**Short descriptive text snippets:**
#####

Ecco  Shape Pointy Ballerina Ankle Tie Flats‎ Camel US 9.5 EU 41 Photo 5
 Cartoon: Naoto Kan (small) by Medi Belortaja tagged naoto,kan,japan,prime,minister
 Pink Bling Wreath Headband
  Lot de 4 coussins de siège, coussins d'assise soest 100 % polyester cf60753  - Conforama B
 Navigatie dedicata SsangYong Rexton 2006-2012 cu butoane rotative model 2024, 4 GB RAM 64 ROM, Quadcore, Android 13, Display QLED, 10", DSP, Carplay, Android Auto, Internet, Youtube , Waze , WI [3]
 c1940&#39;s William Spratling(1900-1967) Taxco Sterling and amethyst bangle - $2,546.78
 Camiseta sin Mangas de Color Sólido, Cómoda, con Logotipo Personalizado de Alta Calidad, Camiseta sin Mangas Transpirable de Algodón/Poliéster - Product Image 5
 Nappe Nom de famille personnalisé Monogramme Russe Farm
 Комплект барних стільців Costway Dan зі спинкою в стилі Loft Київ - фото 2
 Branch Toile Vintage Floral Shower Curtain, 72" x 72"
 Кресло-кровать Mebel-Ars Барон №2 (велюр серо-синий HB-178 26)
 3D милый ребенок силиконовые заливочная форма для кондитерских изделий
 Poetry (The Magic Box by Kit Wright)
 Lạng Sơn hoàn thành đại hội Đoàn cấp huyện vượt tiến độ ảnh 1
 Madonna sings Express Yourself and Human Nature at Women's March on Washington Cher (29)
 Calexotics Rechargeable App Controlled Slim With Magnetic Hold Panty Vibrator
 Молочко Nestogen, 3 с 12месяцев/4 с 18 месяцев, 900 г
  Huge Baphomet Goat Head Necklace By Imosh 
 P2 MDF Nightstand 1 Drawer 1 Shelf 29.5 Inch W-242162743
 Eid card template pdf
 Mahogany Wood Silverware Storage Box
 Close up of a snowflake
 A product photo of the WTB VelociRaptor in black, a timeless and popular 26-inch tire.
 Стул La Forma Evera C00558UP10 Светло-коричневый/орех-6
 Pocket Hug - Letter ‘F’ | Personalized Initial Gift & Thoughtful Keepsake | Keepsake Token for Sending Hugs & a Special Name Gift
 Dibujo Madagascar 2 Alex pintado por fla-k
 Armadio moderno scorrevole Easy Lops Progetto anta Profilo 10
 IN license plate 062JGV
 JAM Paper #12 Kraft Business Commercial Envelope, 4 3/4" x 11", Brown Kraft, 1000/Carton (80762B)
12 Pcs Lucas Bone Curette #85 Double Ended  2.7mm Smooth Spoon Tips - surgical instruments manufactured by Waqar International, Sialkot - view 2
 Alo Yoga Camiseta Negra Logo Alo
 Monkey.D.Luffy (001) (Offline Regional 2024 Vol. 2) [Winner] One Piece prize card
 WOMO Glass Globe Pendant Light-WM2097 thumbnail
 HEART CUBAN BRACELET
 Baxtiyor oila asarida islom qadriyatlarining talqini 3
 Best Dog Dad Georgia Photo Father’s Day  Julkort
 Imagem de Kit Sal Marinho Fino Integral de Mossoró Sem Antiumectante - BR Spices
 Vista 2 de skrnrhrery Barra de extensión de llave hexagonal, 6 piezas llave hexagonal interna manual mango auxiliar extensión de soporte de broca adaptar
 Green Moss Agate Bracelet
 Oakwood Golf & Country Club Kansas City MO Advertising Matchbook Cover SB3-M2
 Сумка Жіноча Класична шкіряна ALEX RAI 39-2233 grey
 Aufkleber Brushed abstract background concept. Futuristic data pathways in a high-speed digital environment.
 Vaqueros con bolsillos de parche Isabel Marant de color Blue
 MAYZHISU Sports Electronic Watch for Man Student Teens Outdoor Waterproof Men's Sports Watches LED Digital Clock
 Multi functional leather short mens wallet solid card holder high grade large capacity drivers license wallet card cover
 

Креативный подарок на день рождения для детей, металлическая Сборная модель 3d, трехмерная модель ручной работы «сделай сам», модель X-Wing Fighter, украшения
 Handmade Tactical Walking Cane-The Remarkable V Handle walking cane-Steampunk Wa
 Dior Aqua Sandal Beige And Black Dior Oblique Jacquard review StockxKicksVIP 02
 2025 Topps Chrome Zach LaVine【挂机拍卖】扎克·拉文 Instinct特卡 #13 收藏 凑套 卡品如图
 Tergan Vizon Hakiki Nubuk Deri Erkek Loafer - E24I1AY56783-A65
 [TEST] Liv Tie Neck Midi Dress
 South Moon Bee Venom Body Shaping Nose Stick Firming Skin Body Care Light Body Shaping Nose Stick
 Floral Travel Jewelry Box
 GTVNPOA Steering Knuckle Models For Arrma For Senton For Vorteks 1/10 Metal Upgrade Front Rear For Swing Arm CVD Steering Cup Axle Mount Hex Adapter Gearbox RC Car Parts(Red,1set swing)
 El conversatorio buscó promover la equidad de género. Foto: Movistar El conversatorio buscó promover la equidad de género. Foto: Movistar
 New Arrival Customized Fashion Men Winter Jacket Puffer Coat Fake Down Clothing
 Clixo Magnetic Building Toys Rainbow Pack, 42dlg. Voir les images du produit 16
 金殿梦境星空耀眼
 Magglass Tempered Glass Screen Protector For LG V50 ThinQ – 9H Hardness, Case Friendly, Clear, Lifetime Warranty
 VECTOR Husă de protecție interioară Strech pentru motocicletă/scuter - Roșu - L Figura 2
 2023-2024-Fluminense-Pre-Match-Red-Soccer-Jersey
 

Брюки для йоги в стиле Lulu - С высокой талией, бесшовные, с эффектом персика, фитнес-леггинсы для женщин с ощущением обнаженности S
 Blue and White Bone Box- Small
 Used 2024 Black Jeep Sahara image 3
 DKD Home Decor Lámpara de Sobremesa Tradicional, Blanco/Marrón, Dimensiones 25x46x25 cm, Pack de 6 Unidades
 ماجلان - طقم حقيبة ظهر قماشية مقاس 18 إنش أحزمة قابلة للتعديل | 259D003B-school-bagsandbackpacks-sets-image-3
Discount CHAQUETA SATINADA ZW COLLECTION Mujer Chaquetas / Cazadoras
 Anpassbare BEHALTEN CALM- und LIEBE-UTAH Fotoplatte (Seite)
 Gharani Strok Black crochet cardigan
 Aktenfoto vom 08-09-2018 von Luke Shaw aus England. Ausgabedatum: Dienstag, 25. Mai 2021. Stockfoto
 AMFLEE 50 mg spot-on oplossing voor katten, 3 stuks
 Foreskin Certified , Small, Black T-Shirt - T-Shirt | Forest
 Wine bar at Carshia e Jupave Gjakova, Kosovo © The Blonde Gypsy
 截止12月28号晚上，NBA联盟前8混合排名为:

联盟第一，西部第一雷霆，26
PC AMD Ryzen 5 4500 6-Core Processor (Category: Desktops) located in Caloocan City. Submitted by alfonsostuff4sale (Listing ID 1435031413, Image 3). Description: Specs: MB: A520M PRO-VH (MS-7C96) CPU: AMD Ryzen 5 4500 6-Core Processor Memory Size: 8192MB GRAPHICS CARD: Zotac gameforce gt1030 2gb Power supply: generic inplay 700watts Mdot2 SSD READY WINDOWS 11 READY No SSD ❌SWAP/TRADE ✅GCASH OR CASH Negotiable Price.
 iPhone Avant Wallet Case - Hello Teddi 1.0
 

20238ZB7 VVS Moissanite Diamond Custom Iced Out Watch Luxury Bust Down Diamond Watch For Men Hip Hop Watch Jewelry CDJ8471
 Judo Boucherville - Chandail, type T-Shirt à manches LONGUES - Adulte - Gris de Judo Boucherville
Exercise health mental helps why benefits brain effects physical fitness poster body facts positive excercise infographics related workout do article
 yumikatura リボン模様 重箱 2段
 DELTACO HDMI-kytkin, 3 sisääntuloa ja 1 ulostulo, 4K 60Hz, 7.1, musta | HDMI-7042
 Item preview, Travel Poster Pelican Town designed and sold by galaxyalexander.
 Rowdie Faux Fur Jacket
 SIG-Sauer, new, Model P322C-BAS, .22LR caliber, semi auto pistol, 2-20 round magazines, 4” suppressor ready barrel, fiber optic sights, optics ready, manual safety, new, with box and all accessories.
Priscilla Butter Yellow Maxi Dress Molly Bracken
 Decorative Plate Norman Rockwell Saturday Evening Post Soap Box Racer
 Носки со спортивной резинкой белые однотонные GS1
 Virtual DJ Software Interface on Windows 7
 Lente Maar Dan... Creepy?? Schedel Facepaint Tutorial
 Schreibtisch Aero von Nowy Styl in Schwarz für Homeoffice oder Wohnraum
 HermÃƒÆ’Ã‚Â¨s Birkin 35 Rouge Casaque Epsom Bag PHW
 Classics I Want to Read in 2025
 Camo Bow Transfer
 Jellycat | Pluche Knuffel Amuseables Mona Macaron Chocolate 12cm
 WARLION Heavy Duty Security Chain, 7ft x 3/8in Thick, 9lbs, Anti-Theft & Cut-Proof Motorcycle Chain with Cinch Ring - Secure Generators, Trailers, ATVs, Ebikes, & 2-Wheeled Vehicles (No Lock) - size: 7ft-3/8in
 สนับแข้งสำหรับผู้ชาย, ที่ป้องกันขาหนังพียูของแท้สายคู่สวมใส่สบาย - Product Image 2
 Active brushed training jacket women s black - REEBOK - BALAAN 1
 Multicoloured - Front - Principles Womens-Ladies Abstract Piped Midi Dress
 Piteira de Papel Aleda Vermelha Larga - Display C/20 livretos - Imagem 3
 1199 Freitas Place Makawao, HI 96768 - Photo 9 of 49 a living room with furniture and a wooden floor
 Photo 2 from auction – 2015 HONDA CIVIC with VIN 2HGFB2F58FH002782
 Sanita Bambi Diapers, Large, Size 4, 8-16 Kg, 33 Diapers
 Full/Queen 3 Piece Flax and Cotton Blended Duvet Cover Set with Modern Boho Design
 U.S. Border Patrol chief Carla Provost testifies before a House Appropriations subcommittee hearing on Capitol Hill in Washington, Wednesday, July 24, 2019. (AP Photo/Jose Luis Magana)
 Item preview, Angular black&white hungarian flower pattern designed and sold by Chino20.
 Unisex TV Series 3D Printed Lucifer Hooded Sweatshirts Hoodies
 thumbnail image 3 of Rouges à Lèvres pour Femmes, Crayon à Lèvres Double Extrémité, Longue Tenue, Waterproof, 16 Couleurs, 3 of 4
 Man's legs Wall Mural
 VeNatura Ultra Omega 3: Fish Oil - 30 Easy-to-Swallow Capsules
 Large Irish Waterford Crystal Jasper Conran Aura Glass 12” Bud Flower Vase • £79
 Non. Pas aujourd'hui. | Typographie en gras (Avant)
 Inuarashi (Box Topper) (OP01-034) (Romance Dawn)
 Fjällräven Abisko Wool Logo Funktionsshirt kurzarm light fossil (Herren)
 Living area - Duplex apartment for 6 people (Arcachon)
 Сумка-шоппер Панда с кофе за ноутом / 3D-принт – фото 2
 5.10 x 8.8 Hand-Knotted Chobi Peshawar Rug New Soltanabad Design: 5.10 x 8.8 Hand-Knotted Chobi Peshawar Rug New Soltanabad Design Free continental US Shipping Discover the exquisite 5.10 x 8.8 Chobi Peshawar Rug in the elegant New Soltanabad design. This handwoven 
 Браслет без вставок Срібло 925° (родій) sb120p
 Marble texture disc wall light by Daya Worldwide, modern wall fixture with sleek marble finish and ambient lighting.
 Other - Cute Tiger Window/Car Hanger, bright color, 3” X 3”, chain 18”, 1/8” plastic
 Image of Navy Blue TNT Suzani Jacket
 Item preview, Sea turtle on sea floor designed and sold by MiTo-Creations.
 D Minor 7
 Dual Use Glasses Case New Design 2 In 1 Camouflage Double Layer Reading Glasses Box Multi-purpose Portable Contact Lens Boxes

#####

**REQUIREMENT:** Repeat verbatim the opening run of entries, ending with the line that contains "Lot de 4 coussins".

**COMPLETED TASK:**
Ecco  Shape Pointy Ballerina Ankle Tie Flats‎ Camel US 9.5 EU 41 Photo 5
 Cartoon: Naoto Kan (small) by Medi Belortaja tagged naoto,kan,japan,prime,minister
 Pink Bling Wreath Headband
  Lot de 4 coussins de siège, coussins d'assise soest 100 % polyester cf60753  - Conforama B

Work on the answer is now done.